In the southern region of Travancore, where the Left usually performs well and offsets its losses elsewhere, the LDF suffered its worst defeat. The UDF retained Kottayam district, its bastion, once again captured the traditional Left bastion of Allappuzha district and made inroads into the Left fortresses in Kollam and Thiruvanan-thapuram districts.

WHAT caused the swing against the LDF? Attributing its defeat to the "anti-incumbency" factor will not be correct. As the Assembly election results from West Bengal demonstrate, people voting against the incumbent government is not a reflex action. The anti-incumbency factor comes into play only when there is a popular perception of poor governance. It is true that Kerala's current economic difficulties, some of which have little to do with the performance of the LDF government, have contributed to the swing in the public mood. But that does not seem to be the decisive factor. The Rashtriya Swayamsevak Sangh (RSS) and the Muslim fundamentalist groups may have transferred some votes at the local level with a view to defeating the LDF. But the decline in the votes of the BJP and the People's Democratic Party of Abdul Nasser Mahdani is too little (in all less than one percentage point) to explain this swing. The post-poll survey conducted by the CSDS and sponsored by NDTV and Frontline reveals that theexplanation lies in the popular perception of the LDF government's record. The verdict against the E.K. Nayanar government was loud and clear: It was unpopular not only among traditional Left-haters but also among voters who are not attached to any party and even among a section of traditional supporters of the Left. It was principally an unpopular government that cost the LDF this election.

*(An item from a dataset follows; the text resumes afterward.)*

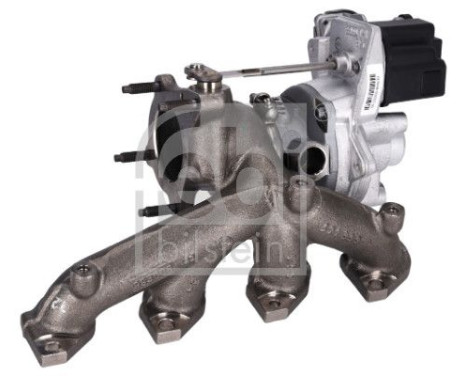 Turbocharger IHI Turbo NEW, Image 2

The electorate in Kerala can be divided into four segments: traditional UDF supporters, traditional LDF supporters, BJP supporters and voters unattached to any party. The first two segments account for about 40 per cent each and the last for about 15 per cent of the vote. The electoral outcome depends on the unattached voters. Sometimes a wholesale transfer of votes by BJP supporters can make a decisive difference in a few seats. The survey shows that this time only 80 per cent of the traditional supporters of the LDF voted for it whereas the UDF got the votes of 90 per cent of its traditional supporters. Among the unattached voters, the LDF lost heavily to the UDF - 33 per cent to 60 per cent. Since unattached voters themselves account for about 15 per cent of the electorate, a lead of 27 percentage points in this section translates into a lead of 3.9 per cent among the entire electorate. Statistically, therefore, the UDF's lead among unattached voters accounts for 3.9 percentage points of the total lead of 5.4 percentage points that it had over the LDF. It is true that the UDF did get a larger chunk of the votes of traditional BJP supporters - 33 per cent as against 5 per cent for the LDF. But it might well be owing to the general pro-UDF sentiment in the State rather than a conspiracy to transfer votes en bloc. In any case, the extent of this transfer is too small to explain the large swing against the LDF.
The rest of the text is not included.